You Should Be Using Nginx + UWSGI
You're viewing an archived post which may have broken links or images. If this post was valuable and you'd like me to restore it, let me know!
After lots of experimentation (between disqus.com and getsentry.com), I’m content with saying that uwsgi should be the standard in the Python world. Combine it with nginx and you’re able to get a lot of (relative) performance out of your threaded (or not) Python web application.

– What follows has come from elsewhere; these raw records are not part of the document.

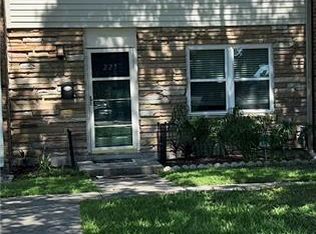 225 Wright Ave APT D, Gretna, LA 70056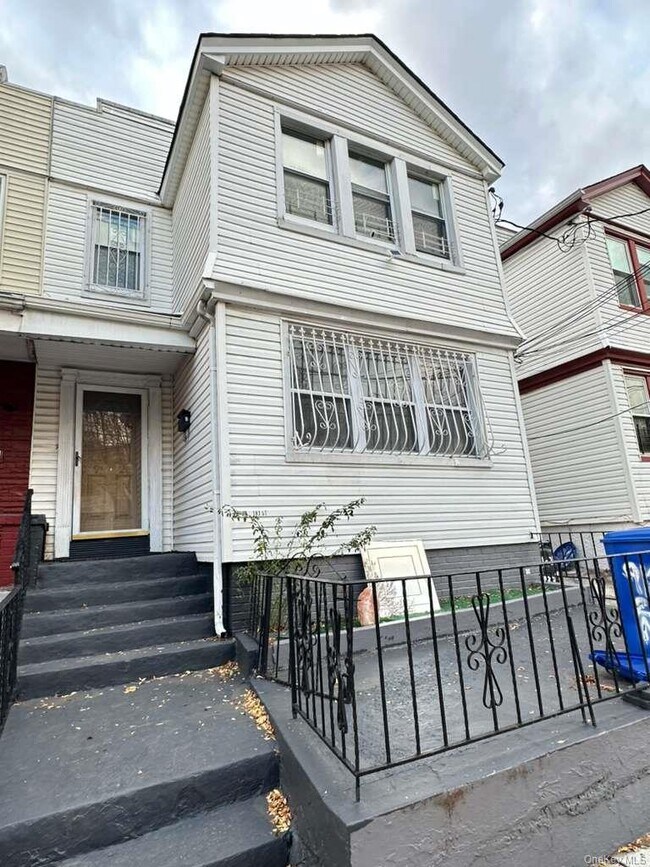 Building Photo - 91-26 183rd St Unit 1st Floor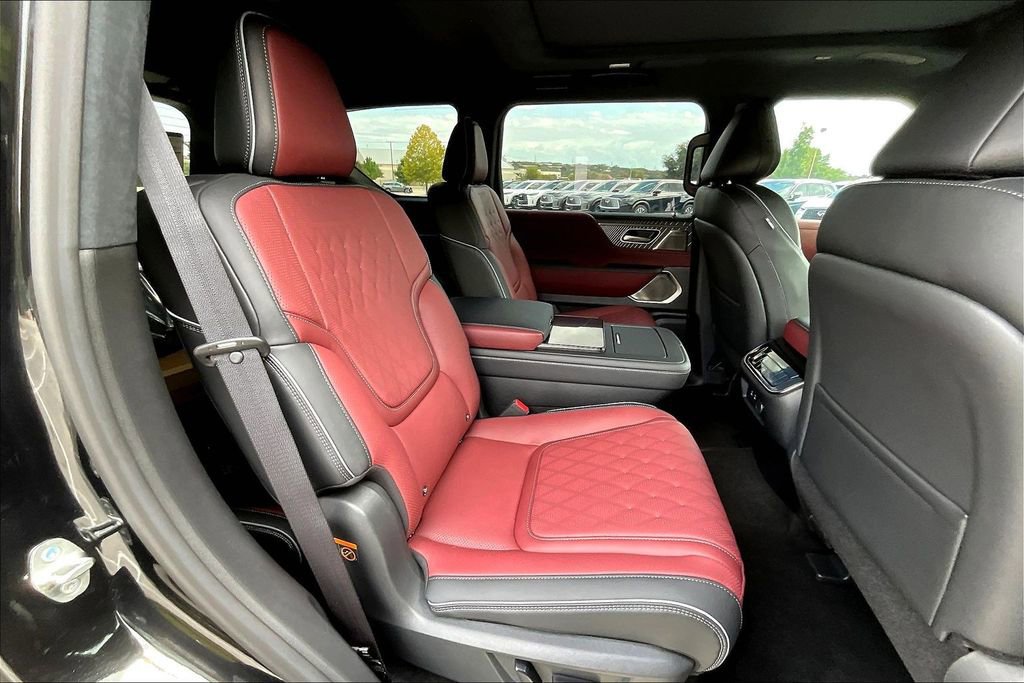 New 2026 INFINITI QX80 Autograph w/ Premium Cargo Package image 18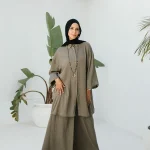 Crunched silk blouse- short , olive green .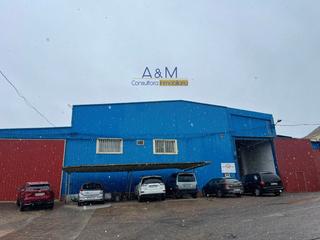 Bâtiment à usage industriel Cañada aguilera. Venta de nave con licencia de taller de 2.400 m2 en santovenia Bâtiment à usage industriel Cañada aguilera. Venta de nave con licencia de taller de 2.400 m2 en santovenia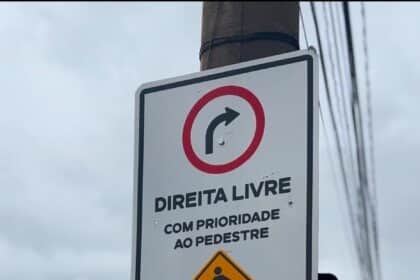 Direita Livre: SET reforça regras para garantir segurança em conversões com sinal vermelho em Goiânia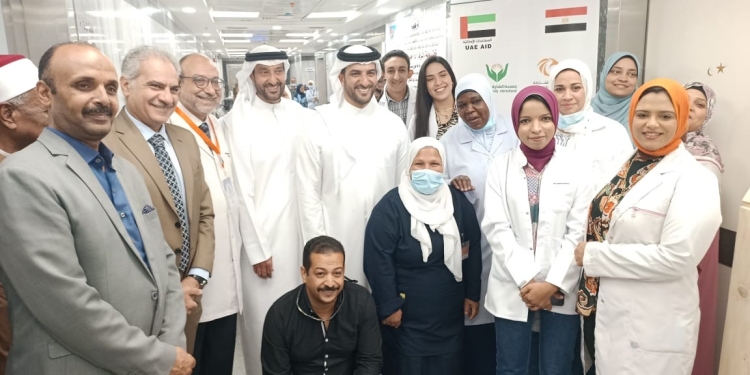 نائب حاكم إمارة الشارقة يتابع فاعليات مبادرة علاج مرضي العيون بمستشفي أسوان الجامعي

Update: Ignoring the age-old argument of “[whatever metric you give] is slow”, the requests I’m illustrating here are to the “Store” endpoint in Sentry, which processes an input event (anywhere from 20kb to 1mb in size), makes several network hops for various authorization and quota strategies, and then eventually queues up some operations. tl;dr it offloads as much work as possible.
Serving Strategies
There’s quite a number of ways you can run a Python application. I’m not going to include mod_wsgi, and most imporantly, I’m not trying to illustrate how evented models work. I don’t believe they’re practical (yet) in the Python world, so this topic is about a traditional threaded (or multi process) Python application.
Instead, I’m going to focus on two of the most popular solutions, and two I’m very familiar with, gunicorn, and uwsgi.
gunicorn
When you move past mod_wsgi your solutions are basically only Python web servers. One of the most popular (read: trendy) methods has been gunicorn lately.
We actually still recommend using gunicorn for Sentry, but that’s purely out of inconvenience. It was pretty wasy to embed within Django, and setup was simple.
It also has 10% of the configuration options as uwsgi (which might actually be a good thing for some people).
Other than that, it provides nearly identical base featuresets to uwsgi (or any other Python web server) for our comparative purposes.
uwsgi
The only alternative, in my opinion, to gunicorn is uwsgi. It’s slightly more performant, has too many configuration options to ever understand, and also gains the advantage of having a protocol that can communicate with nginx.
It’s also fairly simple to setup if you can find an article on it, more on that later.
I started running uwsgi with something like —processes=10 and —threads=10 to try and max CPU on my servers. There were two goals here:
- Max CPU, which required us to…
- Reduce memory usage, which was possible because..
- Sentry is threadsafe, and threads are easy.
(For what it’s worth, Disqus runs single threaded, but I’m cheap, and I wanted to keep Sentry as lean as possible, which means squeezing capacity out of nodes)
Iterating to Success
I was pretty proud when we got API response times down to 40ms on average. When I say API I’m only talking about the time it takes from it hitting the Python server, to the server returning it’s response to the proxy.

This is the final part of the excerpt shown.